Le nouveau président Adama Barrow et la CEDEAO, l'UA ou encore l'ONU se sont engagés à assurer la sécurité des partisans de l'ancien régime et qu'aucun de leur bien ne sera saisi. Reste à savoir comment le nouveau chef d'Etat réussira à réconcilier un pays qui compte encore de nombreux partisans de Jammeh, notamment dans les rangs des militaires et des forces de sécurité. Sachant que Barrow devra pâtir d'un « handicap » dû à une cérémonie d'investiture dans un pays étranger, bien qu'effectuée dans les locaux de l'ambassade gambienne (techniquement faisant partie du territoire).

C'est donc une nouvelle ère politique qui s'ouvre en Gambie après 22 ans de règne de Jammeh.
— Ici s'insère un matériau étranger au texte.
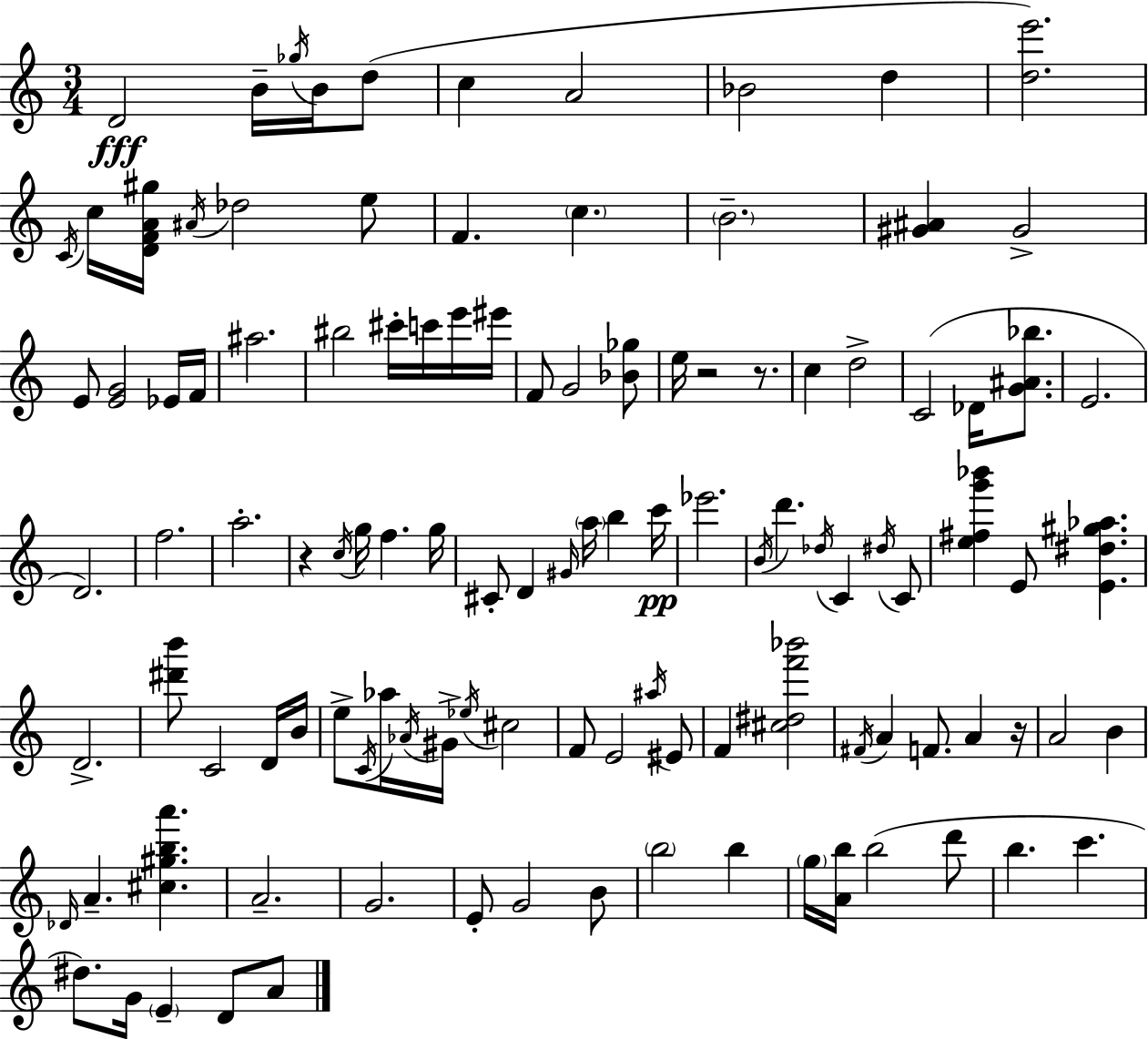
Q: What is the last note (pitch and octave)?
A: A4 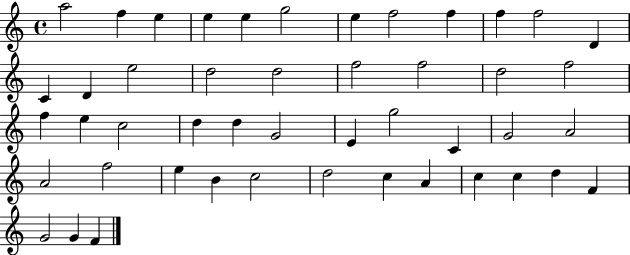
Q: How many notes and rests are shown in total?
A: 47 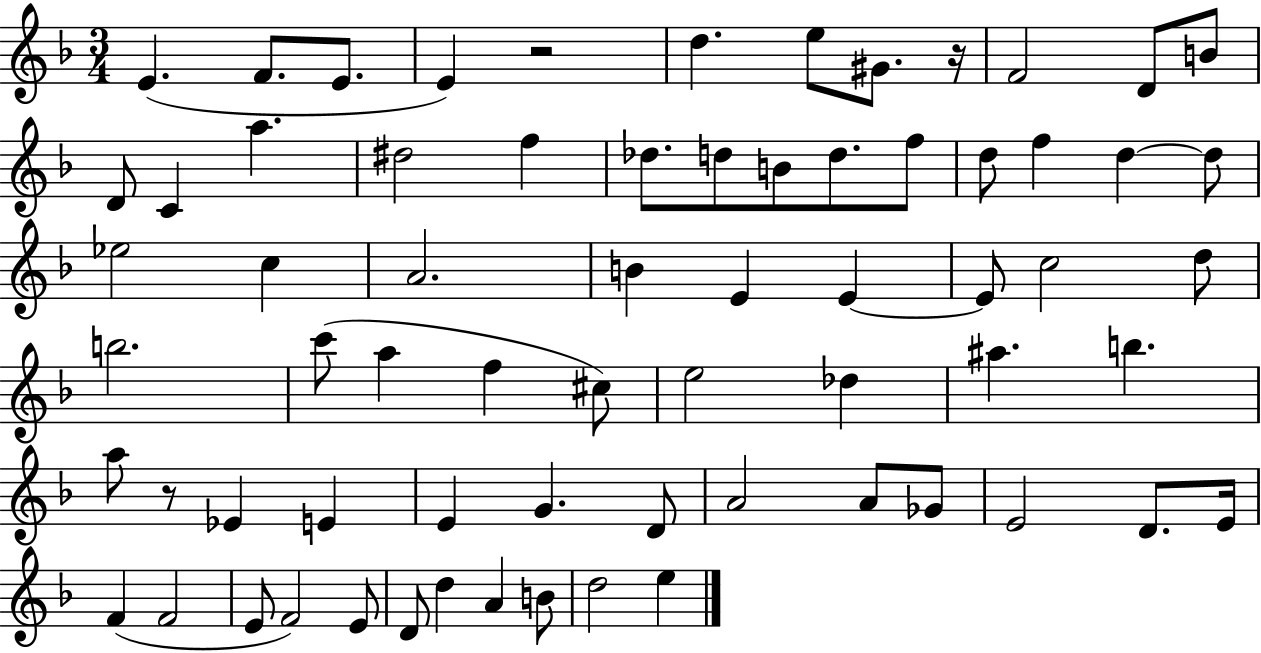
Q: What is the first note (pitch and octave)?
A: E4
Le nouveau locataire du State House devra relever plusieurs défis, notamment concilier avec les partisans de Jammeh qui contrôlent toujours les postes clés de l'Etat gambien, surtout après que ce dernier ait annoncé son intention de dissoudre la National Intelligence Agency (NIA). Barrow devra également éviter une chasse aux sorcières à l'encontre des partisans de l'ancien régime. En témoigne sa décision de créer une commission d'enquête qui devra se pencher sur les cas de violation de droits de l'homme, reste à savoir les mécanismes qui seront adoptées par cette structure.